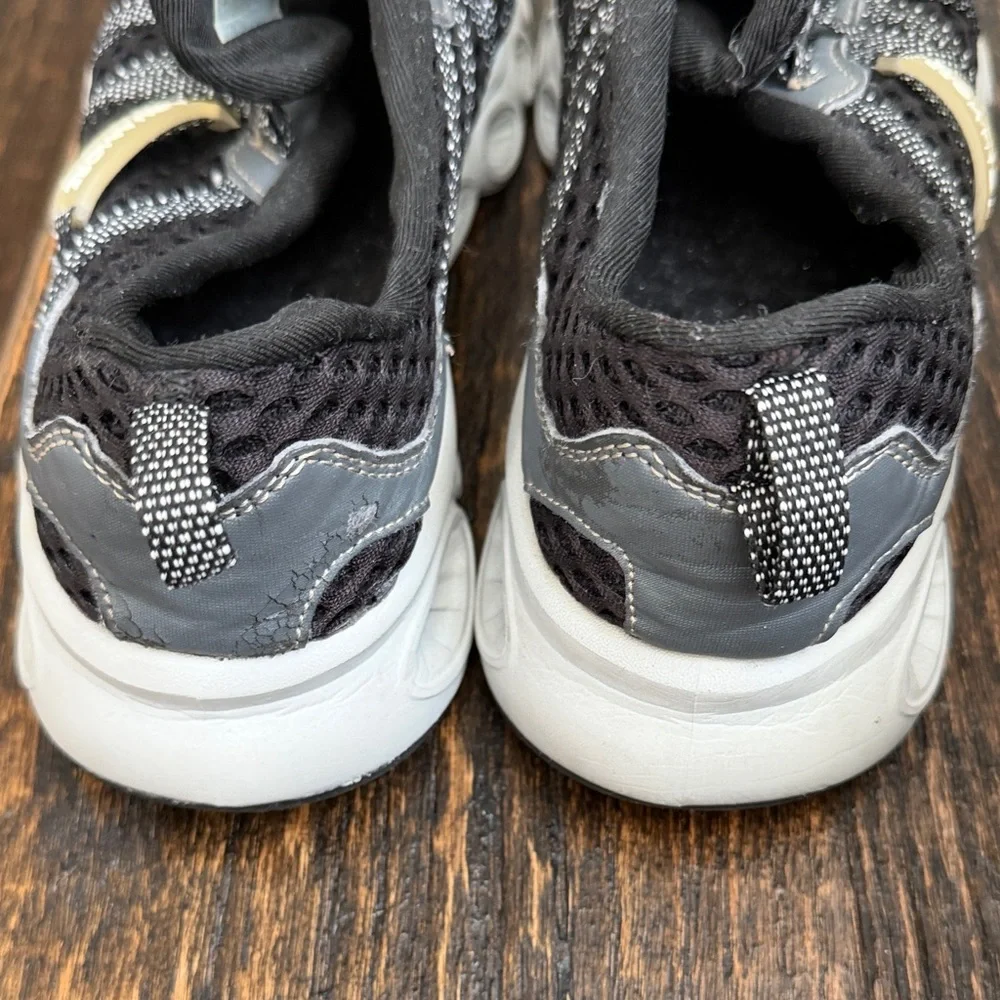 Aquamore Sneakers in Black and Gray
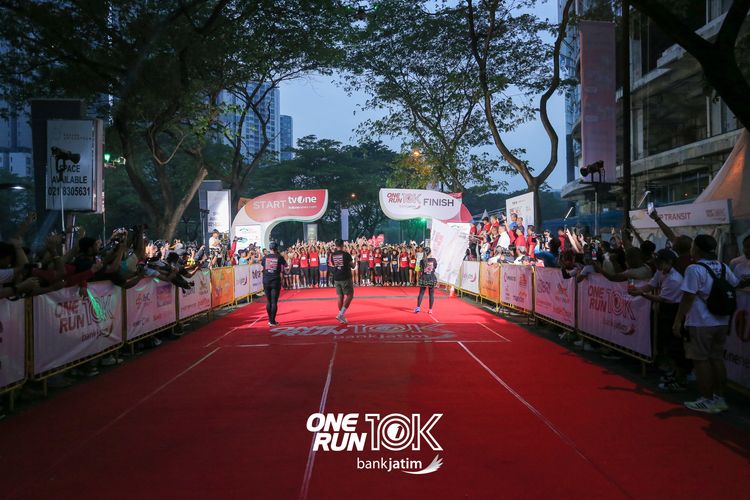 Race photo from ONE RUN 10 K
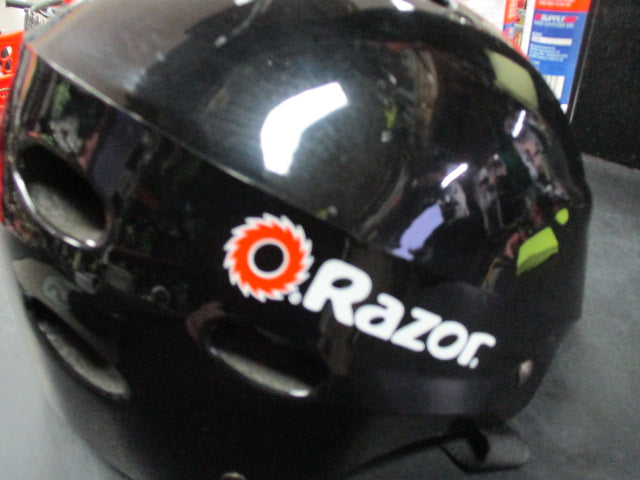 Load image into Gallery viewer, Used Razor Skate Helmet Size Medium
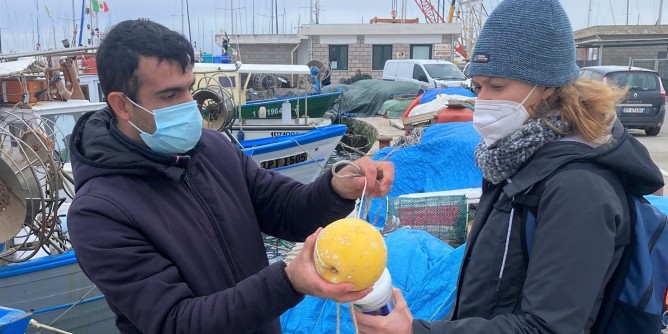 <i>Capo Caccia</i>, studio su interazioni pesca e delfini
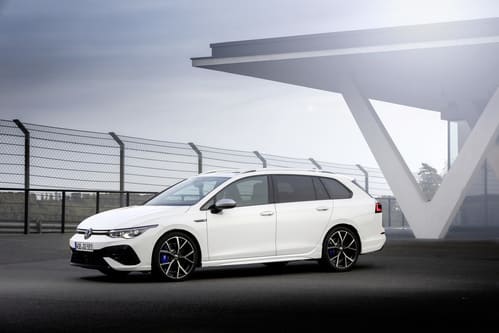 第3位 フォルクスワーゲン「ゴルフ ヴァリアント」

ABOUT THIS EXERCISE —
Retype, please, exactly the lines that begin with the one containing "<i>Capo Caccia</i>, studio" and end at the last line of the entries above, both included, leaving out pictures.

RESULT FOR THIS EXERCISE —
 <i>Capo Caccia</i>, studio su interazioni pesca e delfini
 第3位 フォルクスワーゲン「ゴルフ ヴァリアント」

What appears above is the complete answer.